WHAT TO PRODUCE: Every entry needs to be written out again exactly, with its pictures removed.
-- Opening Marker --
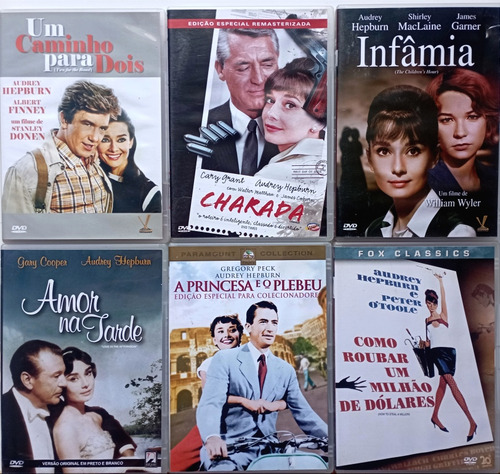 6 Dvd Audrey Hepburn - Infamia, Charada, Amor Na Tarde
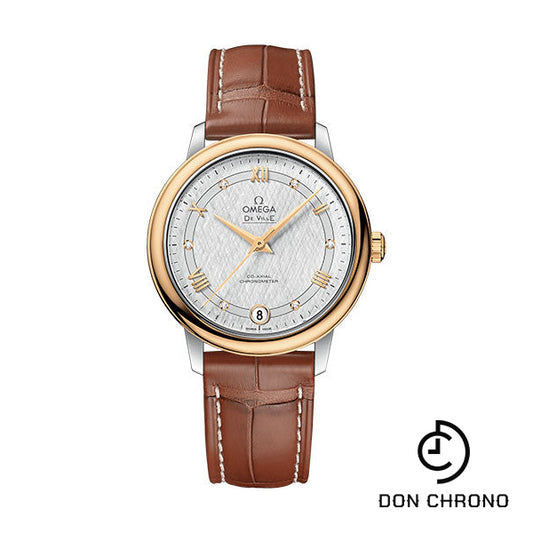 Omega De Ville Prestige Co-Axial Watch - 32.7 mm Steel And Yellow Gold Case - White Silvery Dial - Light Brown Leather Strap - 424.23.33.20.52.001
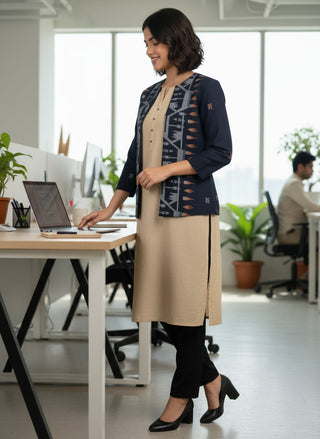 Navy Ikat Rekha Blazer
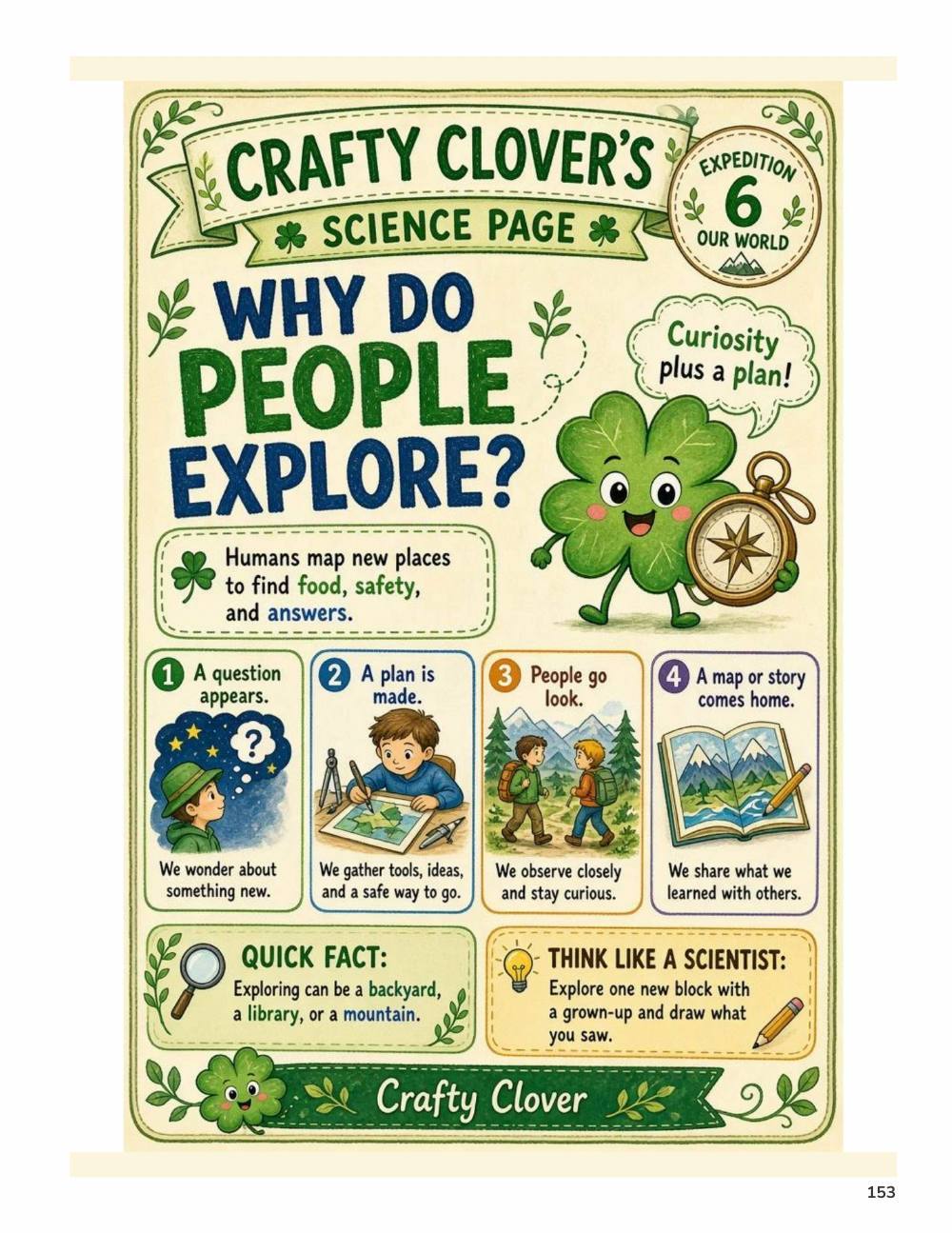 Illustrated page from A Million Whys Book 2 titled Why Do People Explore, with Crafty Clover.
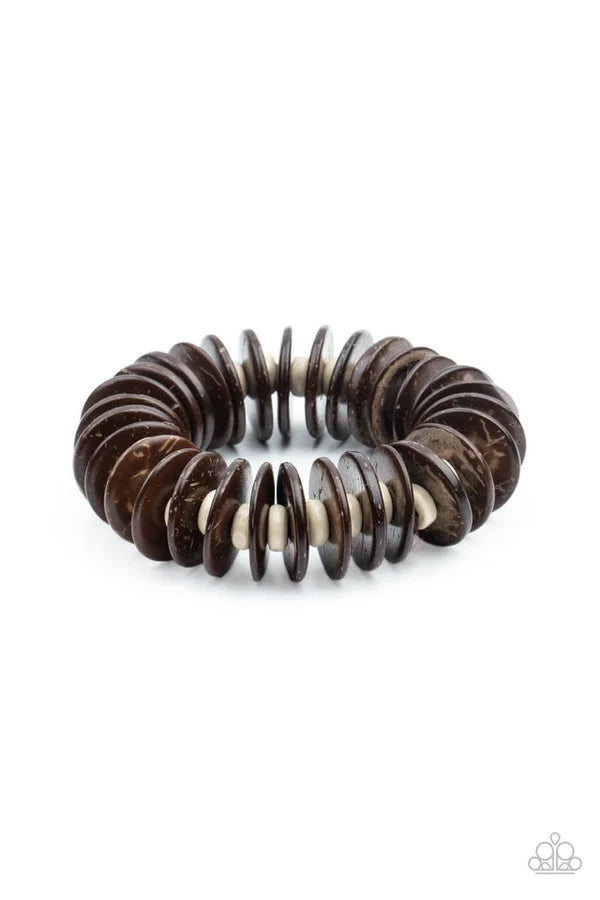 Caribbean Reefs - Brown/White Distressed Wood Discs Bracelet B#839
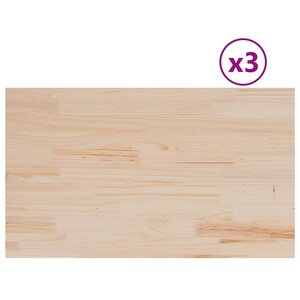 vidaXL Dessus de table 3 Pièces 80x47x2 5cm rectangulaire bois pin massif
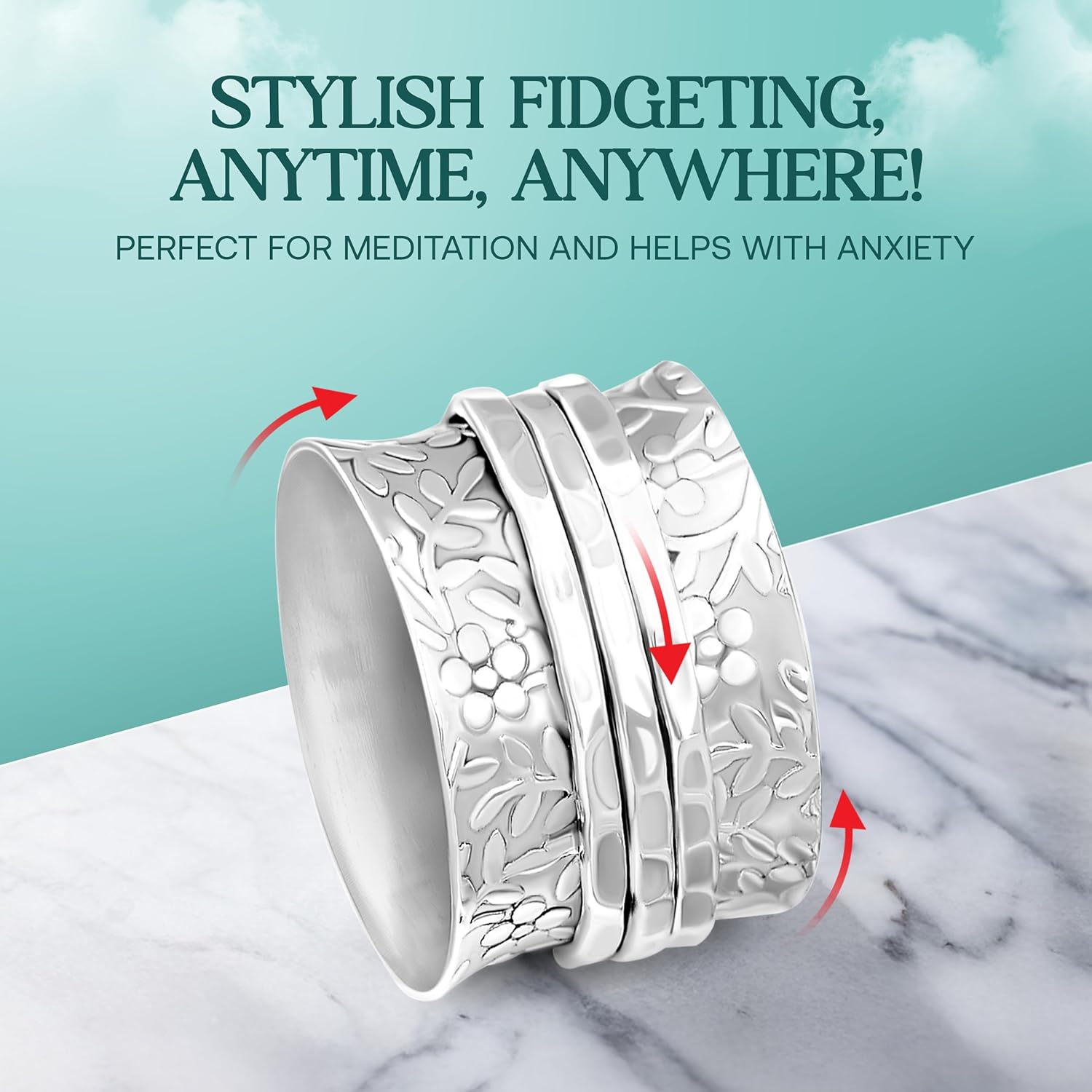 Sterling Silver Spinner Ring for Women – 925 Spinning Ring Band – Wide Band Silver Fidget Rings for Women - for Meditation, Relaxation & Comfort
-- Closing Marker --
RESPONSE BELOW:
 6 Dvd Audrey Hepburn - Infamia, Charada, Amor Na Tarde
 Omega De Ville Prestige Co-Axial Watch - 32.7 mm Steel And Yellow Gold Case - White Silvery Dial - Light Brown Leather Strap - 424.23.33.20.52.001
 Navy Ikat Rekha Blazer
 Illustrated page from A Million Whys Book 2 titled Why Do People Explore, with Crafty Clover.
 Caribbean Reefs - Brown/White Distressed Wood Discs Bracelet B#839
 vidaXL Dessus de table 3 Pièces 80x47x2 5cm rectangulaire bois pin massif
 Sterling Silver Spinner Ring for Women – 925 Spinning Ring Band – Wide Band Silver Fidget Rings for Women - for Meditation, Relaxation & Comfort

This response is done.